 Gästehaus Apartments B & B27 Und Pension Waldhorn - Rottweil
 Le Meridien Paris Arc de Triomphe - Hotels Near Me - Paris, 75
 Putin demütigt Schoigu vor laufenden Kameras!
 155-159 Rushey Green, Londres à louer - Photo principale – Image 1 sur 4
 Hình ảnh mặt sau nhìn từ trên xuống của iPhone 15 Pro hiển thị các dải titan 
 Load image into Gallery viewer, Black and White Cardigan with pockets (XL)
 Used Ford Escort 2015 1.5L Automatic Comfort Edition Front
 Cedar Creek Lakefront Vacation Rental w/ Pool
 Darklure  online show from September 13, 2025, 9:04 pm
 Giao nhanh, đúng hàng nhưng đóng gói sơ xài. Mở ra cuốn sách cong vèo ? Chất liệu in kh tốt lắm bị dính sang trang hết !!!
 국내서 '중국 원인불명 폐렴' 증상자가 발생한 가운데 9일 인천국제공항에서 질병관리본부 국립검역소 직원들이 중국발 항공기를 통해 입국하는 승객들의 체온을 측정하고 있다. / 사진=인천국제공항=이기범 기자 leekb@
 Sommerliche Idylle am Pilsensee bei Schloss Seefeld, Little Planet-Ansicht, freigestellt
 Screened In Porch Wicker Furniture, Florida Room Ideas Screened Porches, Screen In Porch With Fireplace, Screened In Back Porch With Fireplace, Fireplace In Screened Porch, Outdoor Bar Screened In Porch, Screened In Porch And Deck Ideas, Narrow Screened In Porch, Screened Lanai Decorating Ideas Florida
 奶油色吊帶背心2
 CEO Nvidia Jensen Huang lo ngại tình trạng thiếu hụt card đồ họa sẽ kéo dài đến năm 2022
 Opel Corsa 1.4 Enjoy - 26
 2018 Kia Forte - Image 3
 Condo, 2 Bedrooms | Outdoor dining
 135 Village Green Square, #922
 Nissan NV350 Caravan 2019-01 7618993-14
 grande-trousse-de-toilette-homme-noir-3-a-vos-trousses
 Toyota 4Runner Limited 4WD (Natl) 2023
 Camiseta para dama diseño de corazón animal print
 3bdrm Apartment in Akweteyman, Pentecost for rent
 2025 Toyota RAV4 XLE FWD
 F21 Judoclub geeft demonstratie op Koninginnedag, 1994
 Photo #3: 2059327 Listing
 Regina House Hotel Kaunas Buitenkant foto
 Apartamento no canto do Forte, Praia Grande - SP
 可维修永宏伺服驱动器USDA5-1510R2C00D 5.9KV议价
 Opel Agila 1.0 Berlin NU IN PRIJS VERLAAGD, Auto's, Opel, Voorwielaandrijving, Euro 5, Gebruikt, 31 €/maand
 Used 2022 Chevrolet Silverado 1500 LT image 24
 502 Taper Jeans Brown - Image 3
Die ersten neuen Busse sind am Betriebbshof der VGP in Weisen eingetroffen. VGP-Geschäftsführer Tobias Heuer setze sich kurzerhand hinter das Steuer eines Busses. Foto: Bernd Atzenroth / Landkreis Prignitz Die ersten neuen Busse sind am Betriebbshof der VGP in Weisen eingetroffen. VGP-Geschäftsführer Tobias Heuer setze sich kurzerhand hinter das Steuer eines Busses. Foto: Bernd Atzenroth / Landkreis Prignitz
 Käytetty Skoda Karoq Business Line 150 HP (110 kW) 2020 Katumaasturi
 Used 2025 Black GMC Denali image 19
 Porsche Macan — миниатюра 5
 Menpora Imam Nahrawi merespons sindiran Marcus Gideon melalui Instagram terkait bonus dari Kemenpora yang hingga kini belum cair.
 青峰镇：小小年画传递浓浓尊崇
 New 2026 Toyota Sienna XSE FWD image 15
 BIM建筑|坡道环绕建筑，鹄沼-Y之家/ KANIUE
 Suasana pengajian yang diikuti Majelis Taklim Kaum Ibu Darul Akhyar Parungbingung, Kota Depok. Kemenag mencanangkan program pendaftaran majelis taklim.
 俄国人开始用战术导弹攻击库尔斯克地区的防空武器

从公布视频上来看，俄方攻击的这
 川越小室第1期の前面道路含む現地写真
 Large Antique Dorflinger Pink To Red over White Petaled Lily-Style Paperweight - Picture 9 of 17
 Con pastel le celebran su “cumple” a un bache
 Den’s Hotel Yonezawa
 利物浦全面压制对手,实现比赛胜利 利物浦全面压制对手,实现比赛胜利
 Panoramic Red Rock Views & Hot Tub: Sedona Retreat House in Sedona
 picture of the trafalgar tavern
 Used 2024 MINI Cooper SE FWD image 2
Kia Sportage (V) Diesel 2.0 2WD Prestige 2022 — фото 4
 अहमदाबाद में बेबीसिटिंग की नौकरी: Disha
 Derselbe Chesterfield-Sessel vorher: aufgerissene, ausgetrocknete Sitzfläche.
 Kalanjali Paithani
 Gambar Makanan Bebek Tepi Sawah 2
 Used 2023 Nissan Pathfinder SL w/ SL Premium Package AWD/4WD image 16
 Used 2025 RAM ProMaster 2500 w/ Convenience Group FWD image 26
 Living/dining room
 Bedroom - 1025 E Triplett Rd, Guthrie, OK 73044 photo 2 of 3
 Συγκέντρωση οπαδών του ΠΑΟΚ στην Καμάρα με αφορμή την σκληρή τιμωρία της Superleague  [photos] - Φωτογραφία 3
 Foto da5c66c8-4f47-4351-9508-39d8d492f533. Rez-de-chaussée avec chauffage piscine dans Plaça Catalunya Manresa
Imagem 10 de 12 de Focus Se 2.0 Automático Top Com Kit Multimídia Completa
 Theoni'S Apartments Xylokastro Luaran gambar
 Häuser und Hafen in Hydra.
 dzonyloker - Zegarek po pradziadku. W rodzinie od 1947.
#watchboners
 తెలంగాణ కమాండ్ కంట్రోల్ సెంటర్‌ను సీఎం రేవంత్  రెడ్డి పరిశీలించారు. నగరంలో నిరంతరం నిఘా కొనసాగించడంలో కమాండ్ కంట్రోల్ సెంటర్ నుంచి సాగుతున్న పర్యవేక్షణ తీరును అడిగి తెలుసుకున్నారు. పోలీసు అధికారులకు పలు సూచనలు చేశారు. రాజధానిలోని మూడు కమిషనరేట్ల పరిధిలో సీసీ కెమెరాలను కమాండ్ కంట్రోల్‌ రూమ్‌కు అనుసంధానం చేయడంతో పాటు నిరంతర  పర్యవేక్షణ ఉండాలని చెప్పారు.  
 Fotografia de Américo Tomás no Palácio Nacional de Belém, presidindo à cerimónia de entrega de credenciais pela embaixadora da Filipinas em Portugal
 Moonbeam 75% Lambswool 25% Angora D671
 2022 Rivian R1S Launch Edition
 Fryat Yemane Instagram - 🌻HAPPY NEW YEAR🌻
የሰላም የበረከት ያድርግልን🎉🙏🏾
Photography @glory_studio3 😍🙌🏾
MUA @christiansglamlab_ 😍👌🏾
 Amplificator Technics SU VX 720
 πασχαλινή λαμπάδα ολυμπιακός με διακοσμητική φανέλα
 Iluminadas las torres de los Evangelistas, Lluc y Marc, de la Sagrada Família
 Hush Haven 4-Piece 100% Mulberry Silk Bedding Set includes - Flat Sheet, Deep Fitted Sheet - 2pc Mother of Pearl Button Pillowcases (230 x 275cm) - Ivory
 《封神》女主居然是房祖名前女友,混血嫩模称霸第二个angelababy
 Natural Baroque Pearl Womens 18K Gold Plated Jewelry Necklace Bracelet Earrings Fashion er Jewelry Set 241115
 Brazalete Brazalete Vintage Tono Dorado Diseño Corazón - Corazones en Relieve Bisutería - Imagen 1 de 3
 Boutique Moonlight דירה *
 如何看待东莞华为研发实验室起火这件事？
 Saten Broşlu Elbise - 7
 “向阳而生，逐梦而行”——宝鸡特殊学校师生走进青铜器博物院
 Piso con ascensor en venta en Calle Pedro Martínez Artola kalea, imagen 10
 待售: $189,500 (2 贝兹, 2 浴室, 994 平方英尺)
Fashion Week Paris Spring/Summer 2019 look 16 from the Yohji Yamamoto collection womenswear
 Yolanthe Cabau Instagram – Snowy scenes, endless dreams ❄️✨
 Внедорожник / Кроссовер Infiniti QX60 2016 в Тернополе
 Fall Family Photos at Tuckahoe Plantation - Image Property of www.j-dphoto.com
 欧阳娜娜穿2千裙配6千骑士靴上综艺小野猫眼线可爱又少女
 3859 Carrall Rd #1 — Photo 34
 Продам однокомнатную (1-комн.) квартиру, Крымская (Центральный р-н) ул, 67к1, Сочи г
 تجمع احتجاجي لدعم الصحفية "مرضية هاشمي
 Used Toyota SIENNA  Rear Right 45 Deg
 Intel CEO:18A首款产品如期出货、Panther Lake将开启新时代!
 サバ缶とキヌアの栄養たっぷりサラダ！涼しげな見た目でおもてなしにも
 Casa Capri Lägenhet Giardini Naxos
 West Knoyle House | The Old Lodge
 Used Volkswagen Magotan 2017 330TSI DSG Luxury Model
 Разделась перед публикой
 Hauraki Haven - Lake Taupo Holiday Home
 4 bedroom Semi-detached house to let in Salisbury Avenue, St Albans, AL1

_ _ _ _ _ _ _

*Exercise prompt:* Find the count of lines in the data above where the string "Nissan" occurs. Provide that number alone.

*Answer below:* 2